The Wall Street Journal is unimpressed by Trump’s plan to expand the welfare state.
Mr. Trump’s budget would require states to provide six weeks of paid family leave for new mothers and fathers, as well as adoptive parents. States would have “broad latitude to design and finance” the benefit, which would be delivered through unemployment insurance. States would be forced to work out how much to pay parents, whether to ban a beneficiary from working during the leave, and dozens of other details. The budget says the program will cost the feds $25 billion. The cost is offset in theory by reducing waste and abuse in unemployment insurance. The left is naturally panning the plan as stingy. …Once an entitlement is codified it expands. Proponents note that underwriting the benefit requires only a tiny increase in taxes, or some other levy on businesses. But wait until Democrats double or triple the duration of the leave, which they will do as soon as they are in power. The idea that Republicans can propose a cost-effective entitlement is delusional… The left chants that every industrialized country in the world offers some form of paid family leave—even Oman!—but one reason European countries have inflexible labor markets and higher unemployment is because they make hiring more expensive.
The final sentence is the key.
Why on earth should the United States mimic the policies of nations that have less growth, more unemployment, and lower per-capita economic output?
And James Pethokoukis of the American Enterprise Institute agrees that if Republicans start the program, Democrats will expand it. But his citation of some academic research is the best part of his article.
…how could the left not be secretly thrilled? Even if Trump’s bare-bones plan doesn’t become law, it sets a sort of precedent for Republicans supporting paid leave. And should the plan pass Congress and get signed by Trump, it establishes a program that future Democratic presidents and lawmakers can expand. …A 2017 study, by UC Santa Barbara economist Jenna Stearns, of maternity leave policy in Great Britain found that…there’s a tradeoff: Expanding job protected leave benefits led to “fewer women holding management positions and other jobs with the potential for promotion.” Likewise, a 2013 study by Cornell University’s Francine Blau and Lawrence Kahn found family-friendly policies…also “leave women less likely to be considered for high-level positions. One’s evaluation of such policies must take both of these effects into account.” …In a classic 1983 paper on mandated benefits like paid leave, former Obama economist Lawrence Summers explained businesses would offset higher benefits with lower pay or hiring workers with lower potential benefit costs.
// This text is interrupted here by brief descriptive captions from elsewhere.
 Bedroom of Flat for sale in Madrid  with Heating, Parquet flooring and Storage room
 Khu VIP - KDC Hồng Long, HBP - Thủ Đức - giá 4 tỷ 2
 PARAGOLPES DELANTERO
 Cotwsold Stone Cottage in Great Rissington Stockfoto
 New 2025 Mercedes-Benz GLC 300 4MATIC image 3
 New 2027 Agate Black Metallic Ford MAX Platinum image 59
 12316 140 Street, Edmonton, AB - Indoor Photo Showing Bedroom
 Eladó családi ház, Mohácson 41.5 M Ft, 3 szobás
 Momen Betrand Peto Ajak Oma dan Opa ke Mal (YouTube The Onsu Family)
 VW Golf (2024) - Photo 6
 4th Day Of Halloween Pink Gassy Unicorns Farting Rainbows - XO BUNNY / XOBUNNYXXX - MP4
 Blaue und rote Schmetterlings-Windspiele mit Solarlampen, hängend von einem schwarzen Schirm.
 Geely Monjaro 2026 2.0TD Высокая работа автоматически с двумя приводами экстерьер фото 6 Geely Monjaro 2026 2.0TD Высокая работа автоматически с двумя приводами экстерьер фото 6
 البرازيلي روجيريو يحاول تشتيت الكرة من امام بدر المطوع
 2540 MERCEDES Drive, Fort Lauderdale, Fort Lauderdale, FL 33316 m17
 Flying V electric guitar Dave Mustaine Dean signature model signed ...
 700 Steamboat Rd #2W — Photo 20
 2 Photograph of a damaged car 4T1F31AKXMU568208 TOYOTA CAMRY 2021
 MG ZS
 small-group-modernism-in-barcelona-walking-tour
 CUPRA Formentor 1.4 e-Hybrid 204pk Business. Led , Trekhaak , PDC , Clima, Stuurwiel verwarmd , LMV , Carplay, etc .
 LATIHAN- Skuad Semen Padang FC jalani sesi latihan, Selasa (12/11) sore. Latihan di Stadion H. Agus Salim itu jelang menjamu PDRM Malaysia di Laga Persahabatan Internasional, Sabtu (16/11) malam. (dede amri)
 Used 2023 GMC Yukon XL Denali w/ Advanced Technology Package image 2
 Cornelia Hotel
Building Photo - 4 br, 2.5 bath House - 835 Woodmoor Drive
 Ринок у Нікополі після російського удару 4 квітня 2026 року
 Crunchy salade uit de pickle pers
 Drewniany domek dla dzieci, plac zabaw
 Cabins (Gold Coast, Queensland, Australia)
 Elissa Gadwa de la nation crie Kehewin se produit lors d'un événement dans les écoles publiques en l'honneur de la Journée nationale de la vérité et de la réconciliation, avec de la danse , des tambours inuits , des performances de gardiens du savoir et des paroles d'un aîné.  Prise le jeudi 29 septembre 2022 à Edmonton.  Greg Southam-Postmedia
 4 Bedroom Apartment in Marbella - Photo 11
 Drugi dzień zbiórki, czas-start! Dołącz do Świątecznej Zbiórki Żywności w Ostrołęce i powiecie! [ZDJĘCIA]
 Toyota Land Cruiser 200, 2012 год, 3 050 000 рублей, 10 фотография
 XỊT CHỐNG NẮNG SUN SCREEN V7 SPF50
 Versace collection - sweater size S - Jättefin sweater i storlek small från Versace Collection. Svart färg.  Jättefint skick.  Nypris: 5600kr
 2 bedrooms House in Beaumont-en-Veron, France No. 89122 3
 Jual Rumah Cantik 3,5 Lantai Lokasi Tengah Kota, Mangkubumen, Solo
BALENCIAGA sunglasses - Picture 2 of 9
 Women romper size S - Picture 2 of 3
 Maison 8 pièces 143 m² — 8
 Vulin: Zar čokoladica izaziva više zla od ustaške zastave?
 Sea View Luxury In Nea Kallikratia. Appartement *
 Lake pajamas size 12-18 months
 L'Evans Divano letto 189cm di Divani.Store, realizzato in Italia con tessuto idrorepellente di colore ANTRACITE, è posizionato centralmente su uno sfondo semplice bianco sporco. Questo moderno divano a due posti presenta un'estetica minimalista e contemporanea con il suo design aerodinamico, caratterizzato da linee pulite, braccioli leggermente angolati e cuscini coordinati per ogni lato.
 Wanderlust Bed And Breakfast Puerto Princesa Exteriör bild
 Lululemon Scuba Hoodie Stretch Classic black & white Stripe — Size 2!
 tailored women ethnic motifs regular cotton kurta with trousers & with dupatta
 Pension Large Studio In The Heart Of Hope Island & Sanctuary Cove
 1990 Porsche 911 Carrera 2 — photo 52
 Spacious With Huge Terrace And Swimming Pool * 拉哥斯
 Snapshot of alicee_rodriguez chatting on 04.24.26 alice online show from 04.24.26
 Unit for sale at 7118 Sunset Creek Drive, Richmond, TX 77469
You know, tradeoffs.
Amen.
And this is why even a columnist for the New York Times has pointed out that self-styled feminist policies actually are bad for women.
The best policies for women are the same as the best policies for men (not to mention all the other genders that now exist). Simply stated, allow free markets and small government.
P.S. Government-mandated paid parental leave is a bad idea even when the idea is pushed by people at right-wing think tanks.